*TASK TO COMPLETE*.
Although the records contain pictures, none belong in the copy: restate word for word only the lines from the one with "Eriba Novaline 442" through the one with "DIELY Apple Macbook", both included.

[Opening DATA UNDER STUDY section]

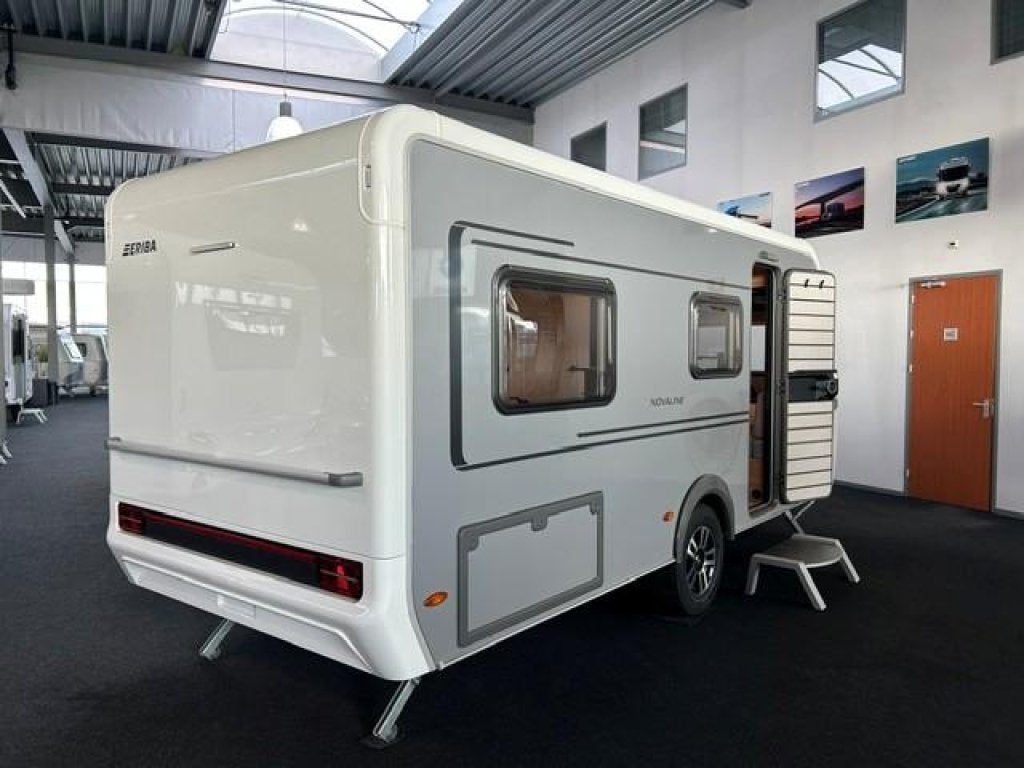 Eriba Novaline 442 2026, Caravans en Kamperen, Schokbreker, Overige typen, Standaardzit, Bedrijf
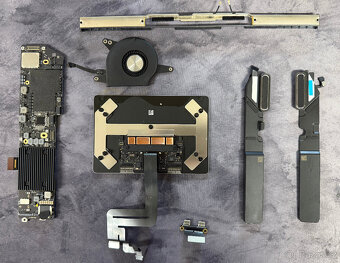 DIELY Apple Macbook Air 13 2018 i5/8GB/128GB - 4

[Closing DATA UNDER STUDY section]
[Opening DATA UNDER STUDY section]

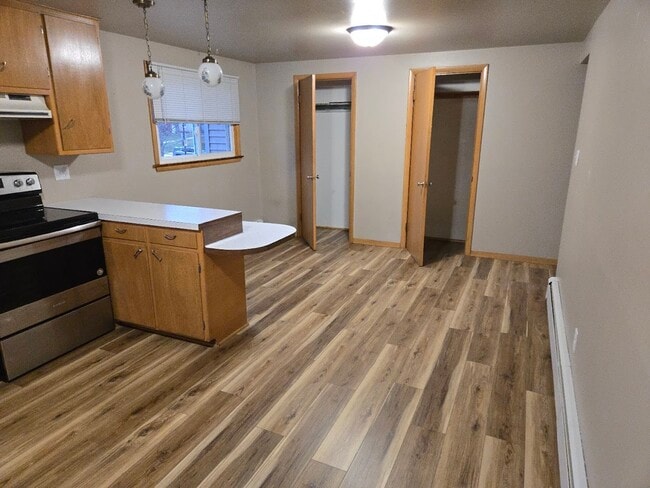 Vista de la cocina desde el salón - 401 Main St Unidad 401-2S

[Closing DATA UNDER STUDY section]

*RESPONSE TO THE EXERCISE*.
 Eriba Novaline 442 2026, Caravans en Kamperen, Schokbreker, Overige typen, Standaardzit, Bedrijf
 DIELY Apple Macbook Air 13 2018 i5/8GB/128GB - 4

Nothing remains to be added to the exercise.